Side Effects and Complications

Common side effects include nausea, vomiting, fatigue, mouth sores, and loss of appetite.

The procedures themselves are fairly dangerous and carry a small risk for death. When it was first used, transplantation procedures had 10% to 25% morality rates. Now mortality rates are below 5%. Potentially serious complications are the following:

  • Infection resulting from a weakened immune system. This is the most common side effect and can persist for several months after the transplant. Because the stem cell procedure is done more swiftly, the risk period is shorter than with bone marrow transplantation. Many patients develop severe herpes zoster virus infections (shingles) or have a recurrence of herpes simplex virus infections (cold sores and genital herpes). Pneumonia, cytomegalovirus, fungal infections, and Pneumocystis carinii (a protozoan) are among the most important life-threatening infections. Fungal infections are of particular concern because they are both very serious and their incidence is increasing with advances in conditioning treatments, immunosuppression and use of potent antibiotics. The patient may require very potent antibiotics and antifungal medications as well as granulocyte colony-stimulating factors or G-CSF (e.g. lenograstim, filgrastim) to stimulate the growth of infection-fighting white blood cells.

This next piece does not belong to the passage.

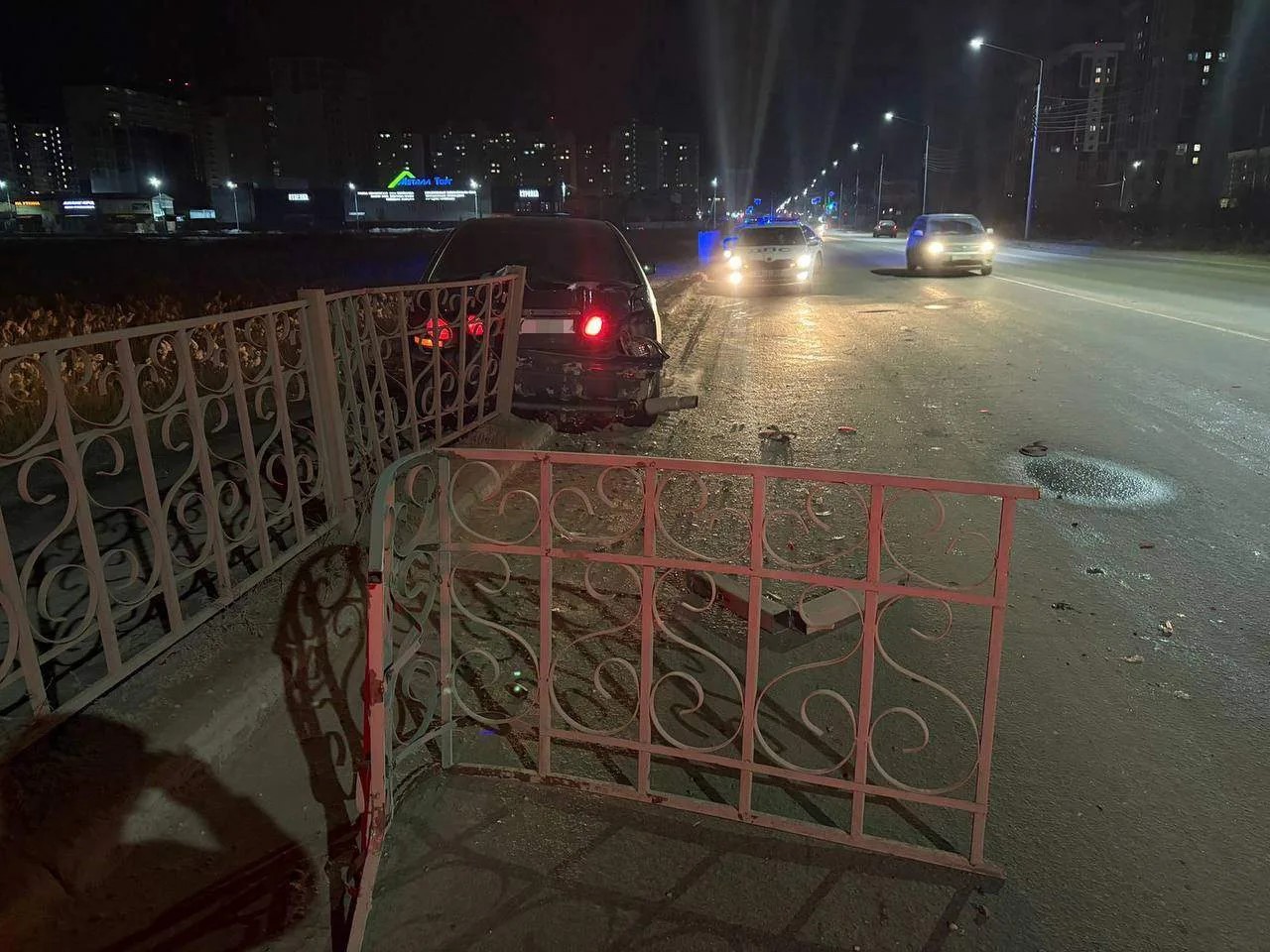 Снёс ограждение и сбил пешеходов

  • Graft-versus-host-disease (GVHD) is a serious attack by the patient's immune system triggered by the donated new marrow. It occurs in over half of allogeneic transplants. GVHD can results in weight loss, bacterial infections, and skin and organ problems that may persist for up to three years after the procedure. In some cases it is fatal. Careful matching of the donor and preventive immunosuppressive drugs, such as corticosteroids, methotrexate, and cyclosporine (Sandimmune), may reduce the risk for this potentially life-threatening side effect. (There is some evidence that this reaction in allogeneic stem cell transplantation may have a positive side for certain Hodgkin's patients by actually attacking the lymphomas themselves. Studies to date, however, have not found that this offsets serious complications.)

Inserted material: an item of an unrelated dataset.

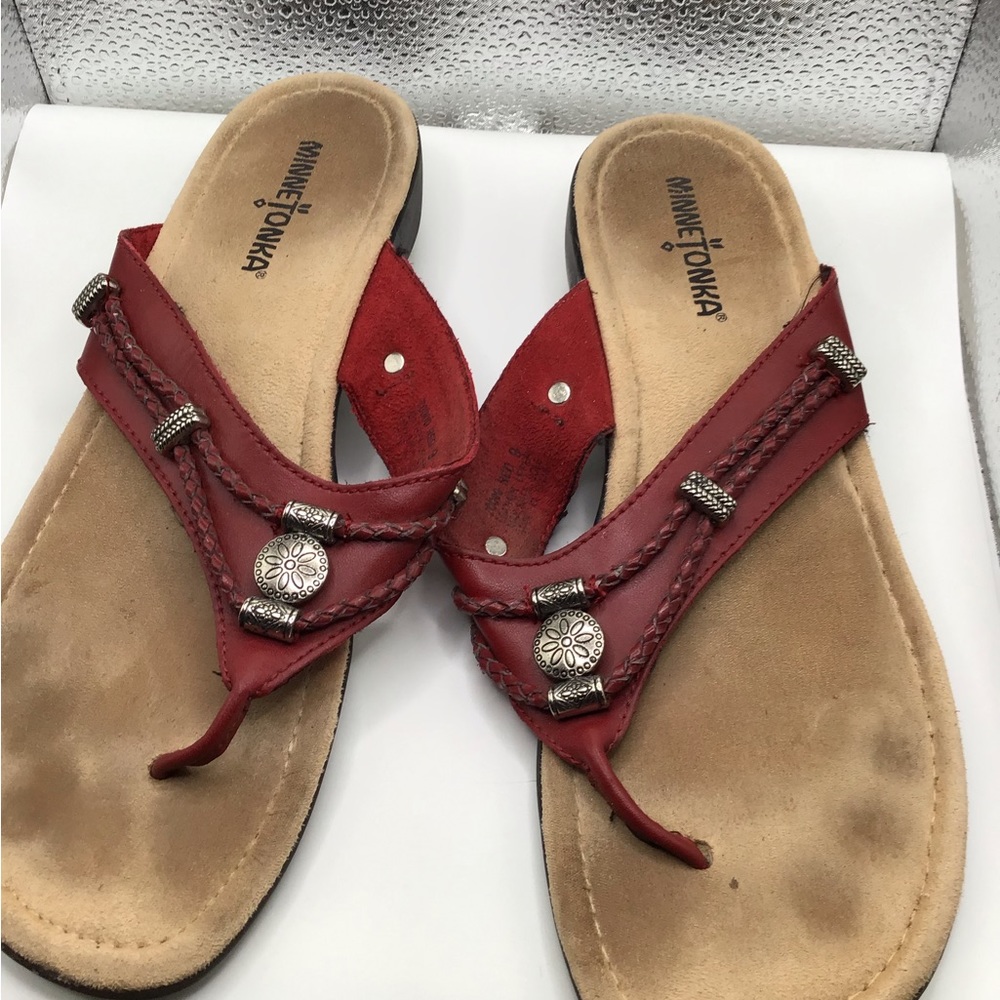 Minnetonka Leather Slip On Thong Flip Flop Red Size 9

  • Secondary cancers. There is a small long-term risk for leukemia after transplantation in young people. Use of newer chemotherapeutic agents, however, may not pose as high a danger.
  • Bleeding because of reduced platelets. This risk is highest within the first four weeks after BMT.
  • Infertility.
  • Organ complications to the liver, heart, kidney, or lungs.
  • Failure of the transplant. The marrow graft may fail or new marrow cells may now grow.